Migrant crisis: Austria plans Slovenia border fence
Austria has said it is planning to construct a fence at the main border crossing used by migrants entering the country from Slovenia.
Austrian Chancellor Werner Faymann said the move would not shut the border, but would allow better control of arrivals.
It came as Germany said it expected the number of deportations of failed asylum seekers to rise.

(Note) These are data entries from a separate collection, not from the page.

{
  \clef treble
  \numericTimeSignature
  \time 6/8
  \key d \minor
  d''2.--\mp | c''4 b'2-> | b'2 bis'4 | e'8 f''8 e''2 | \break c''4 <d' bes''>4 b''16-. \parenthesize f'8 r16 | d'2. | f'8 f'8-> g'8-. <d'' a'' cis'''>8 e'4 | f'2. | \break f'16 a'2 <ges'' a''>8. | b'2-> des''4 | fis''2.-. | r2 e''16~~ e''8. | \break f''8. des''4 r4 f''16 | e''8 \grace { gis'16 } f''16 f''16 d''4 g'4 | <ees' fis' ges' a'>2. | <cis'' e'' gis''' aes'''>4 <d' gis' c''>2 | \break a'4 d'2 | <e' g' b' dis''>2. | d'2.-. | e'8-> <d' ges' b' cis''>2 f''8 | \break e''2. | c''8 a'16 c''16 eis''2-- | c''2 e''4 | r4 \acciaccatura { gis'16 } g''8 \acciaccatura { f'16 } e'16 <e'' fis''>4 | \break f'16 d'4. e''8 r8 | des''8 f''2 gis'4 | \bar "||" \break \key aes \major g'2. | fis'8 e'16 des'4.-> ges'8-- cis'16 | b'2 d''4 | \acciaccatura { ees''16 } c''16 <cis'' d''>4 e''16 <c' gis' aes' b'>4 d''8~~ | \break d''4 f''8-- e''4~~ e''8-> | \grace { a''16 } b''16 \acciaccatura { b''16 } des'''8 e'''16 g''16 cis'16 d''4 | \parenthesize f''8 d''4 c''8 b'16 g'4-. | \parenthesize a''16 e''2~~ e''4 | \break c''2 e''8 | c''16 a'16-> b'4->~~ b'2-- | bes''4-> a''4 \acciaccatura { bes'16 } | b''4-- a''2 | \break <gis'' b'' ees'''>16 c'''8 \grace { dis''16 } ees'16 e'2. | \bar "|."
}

Meanwhile, at least three migrants drowned and 242 were saved when a boat sank off the Greek island of Lesbos.
"We do not have a picture of how many people may be missing yet," a Greek coastguard spokeswoman said.
Earlier, three migrant boats were reported to have capsized between Turkey and the Greek islands amid worsening weather in the area.

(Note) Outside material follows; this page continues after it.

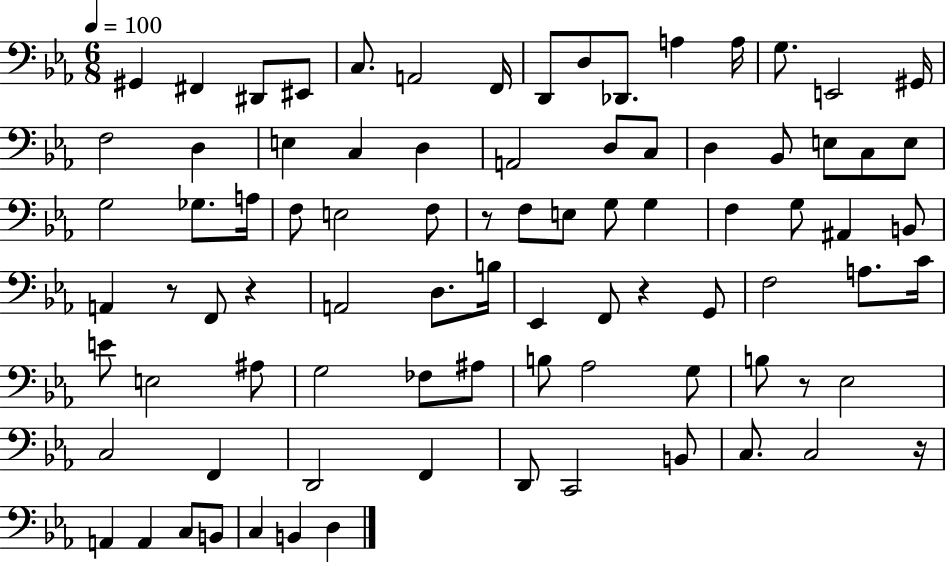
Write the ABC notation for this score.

BBC Europe correspondent Damian Grammaticas says Austria and Germany, the two countries at the heart of Europe's refugee crisis, seem to be toughening their tone.

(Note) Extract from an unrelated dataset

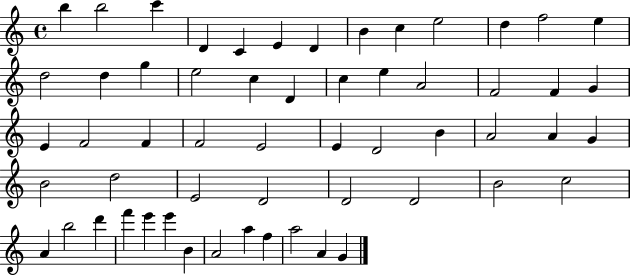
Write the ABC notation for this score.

They appear to be trying to deter refugees from setting out on their journeys and to head off political critics at home, he adds.
The UN estimates more than 700,000 migrants have crossed to Europe by boat so far this year - mainly from war-ravaged Syria. The approach of winter has so far done little to slow the flow.
The latest moves came after Slovenia said it could erect a fence along its border with Croatia if an EU plan agreed on Sunday was not implemented. It follows suggestions from Serbia, Romania and Bulgaria that they might begin building their own barriers.
Some 85,000 refugees have poured into Slovenia in the last 10 days, after Hungary closed its border with Croatia.
On Sunday, 11 EU states and three non-EU countries agreed to set up reception centres with another 50,000 spaces in Balkan countries, and send 400 guards to assist Slovenia within a week. But EU members have previously been slow to deliver on pledges of such assistance.
"If the situation worsens and the Brussels action plan is not fulfilled, then Slovenia has several scenarios prepared, including the installation of a fence guarded by forces," said Slovenian Foreign Minister Karl Erjavec.
Hungary has already fenced off its border with Serbia and Croatia, so such a move would, in theory, mean sealing off that route entirely.
Following a cabinet meeting, Austria's chancellor said a series of barriers would be erected at the Spielfeld border crossing with Slovenia, where several thousand migrants have been arriving every day.
The barriers would improve security, he said, but would be nothing like the hundreds of miles of razor wire fencing Hungary has put up along the length of its frontier.
"We want to be able to carry out controls on people, and for that one needs certain technical security measures," he told reporters.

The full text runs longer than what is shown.